### WHAT TO WORK ON
Copy exactly the lines of the records below, starting at the line that contains "Лампа светодиодная Voltega ..." and continuing through the last line, both included; omit any pictures.

Brief descriptive captions
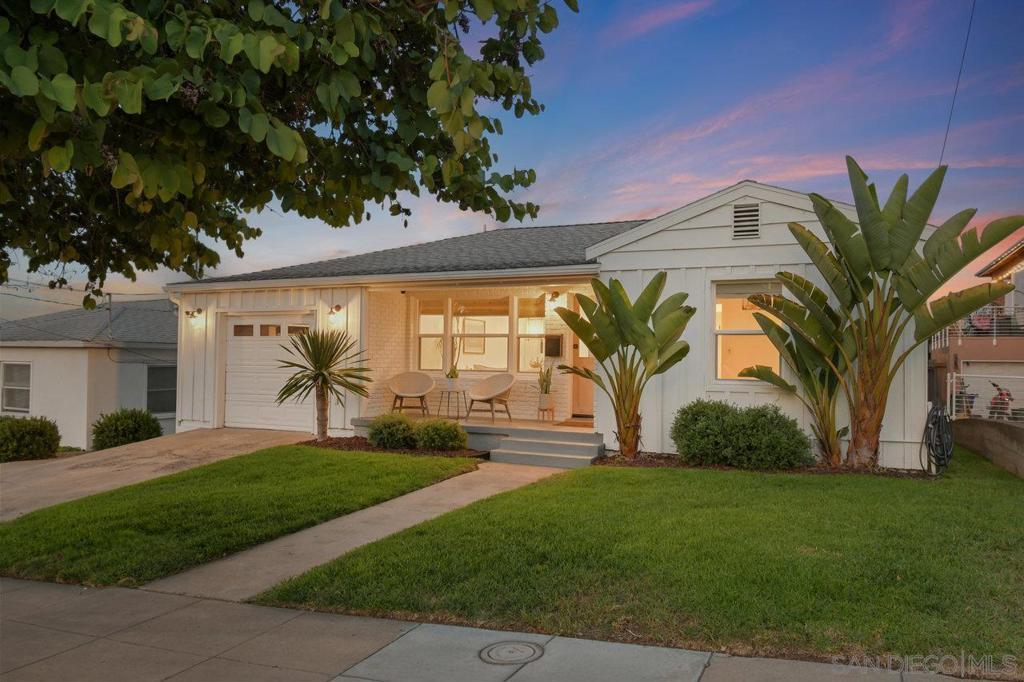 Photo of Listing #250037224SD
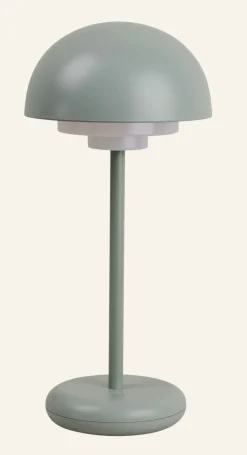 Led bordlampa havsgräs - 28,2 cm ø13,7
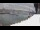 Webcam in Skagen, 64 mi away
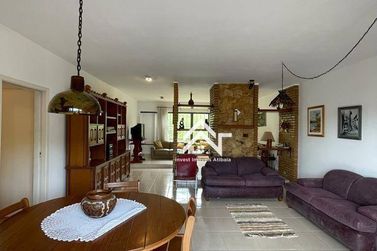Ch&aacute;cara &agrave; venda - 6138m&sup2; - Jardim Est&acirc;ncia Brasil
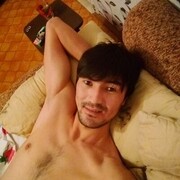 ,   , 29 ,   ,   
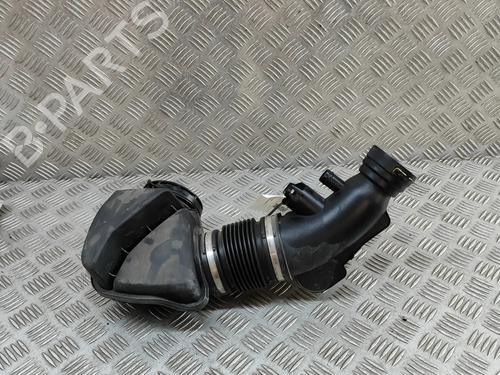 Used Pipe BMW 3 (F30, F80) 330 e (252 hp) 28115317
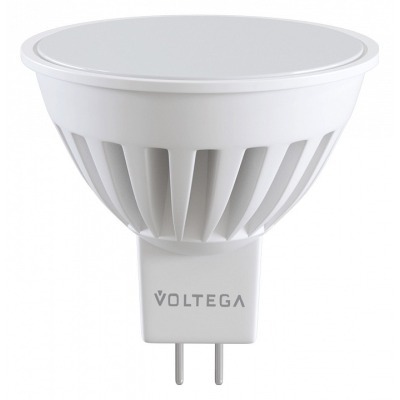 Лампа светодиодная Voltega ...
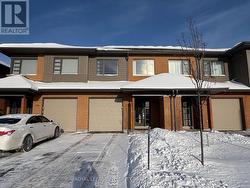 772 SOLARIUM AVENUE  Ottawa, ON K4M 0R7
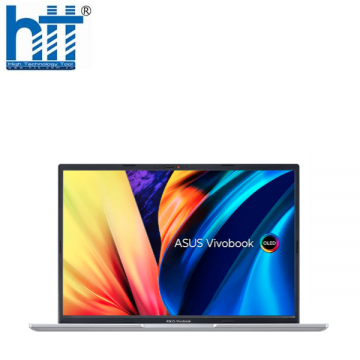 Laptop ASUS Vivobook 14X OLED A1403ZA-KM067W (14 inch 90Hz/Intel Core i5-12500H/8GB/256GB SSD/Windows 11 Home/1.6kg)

### ANSWER SPACE
 Лампа светодиодная Voltega ...
 772 SOLARIUM AVENUE  Ottawa, ON K4M 0R7
 Laptop ASUS Vivobook 14X OLED A1403ZA-KM067W (14 inch 90Hz/Intel Core i5-12500H/8GB/256GB SSD/Windows 11 Home/1.6kg)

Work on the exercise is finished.